Your assignment :: Could you restate word for word the lines running from the one with "1808, Utrecht mint" to the end of the data, both ends included, but without pictures?

Data extract ::
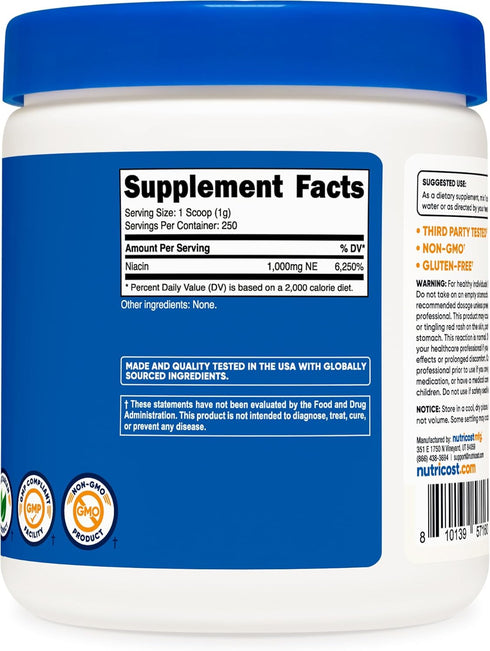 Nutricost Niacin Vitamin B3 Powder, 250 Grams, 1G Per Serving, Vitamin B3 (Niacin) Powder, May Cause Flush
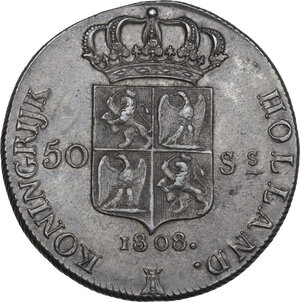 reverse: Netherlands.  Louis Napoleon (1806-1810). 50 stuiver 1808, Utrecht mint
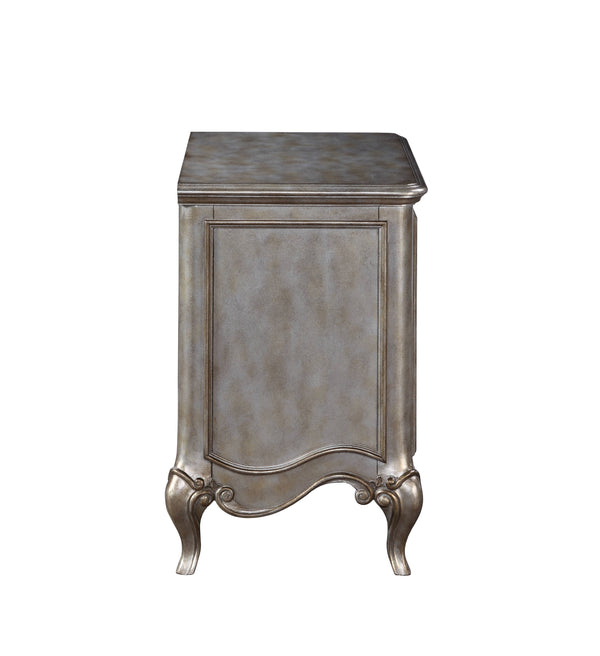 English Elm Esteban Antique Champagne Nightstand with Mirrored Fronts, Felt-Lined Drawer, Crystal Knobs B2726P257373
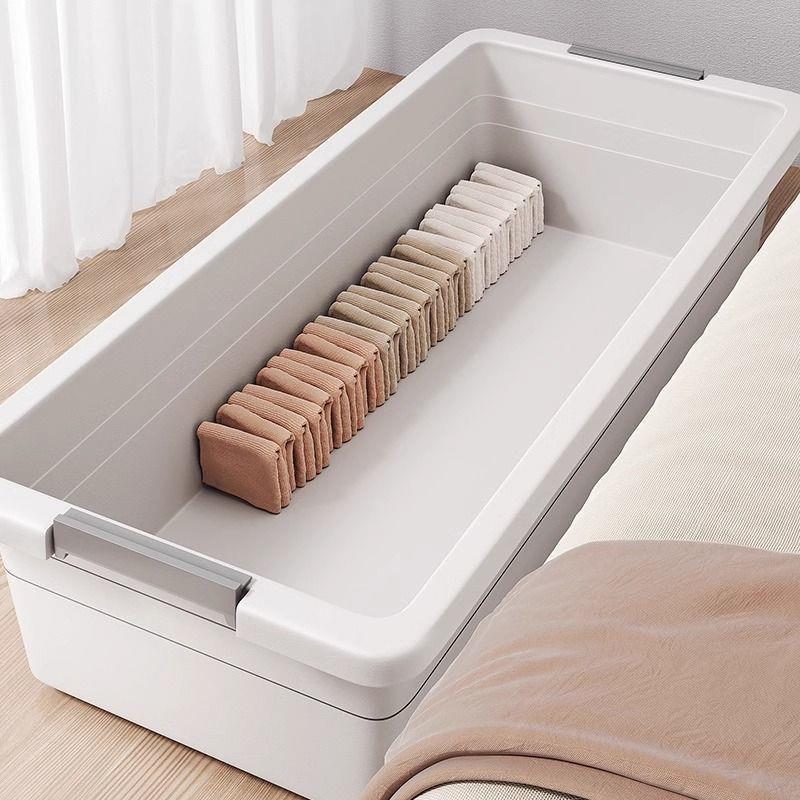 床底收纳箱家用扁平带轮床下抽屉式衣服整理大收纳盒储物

Written response ::
 reverse: Netherlands.  Louis Napoleon (1806-1810). 50 stuiver 1808, Utrecht mint
 English Elm Esteban Antique Champagne Nightstand with Mirrored Fronts, Felt-Lined Drawer, Crystal Knobs B2726P257373
 床底收纳箱家用扁平带轮床下抽屉式衣服整理大收纳盒储物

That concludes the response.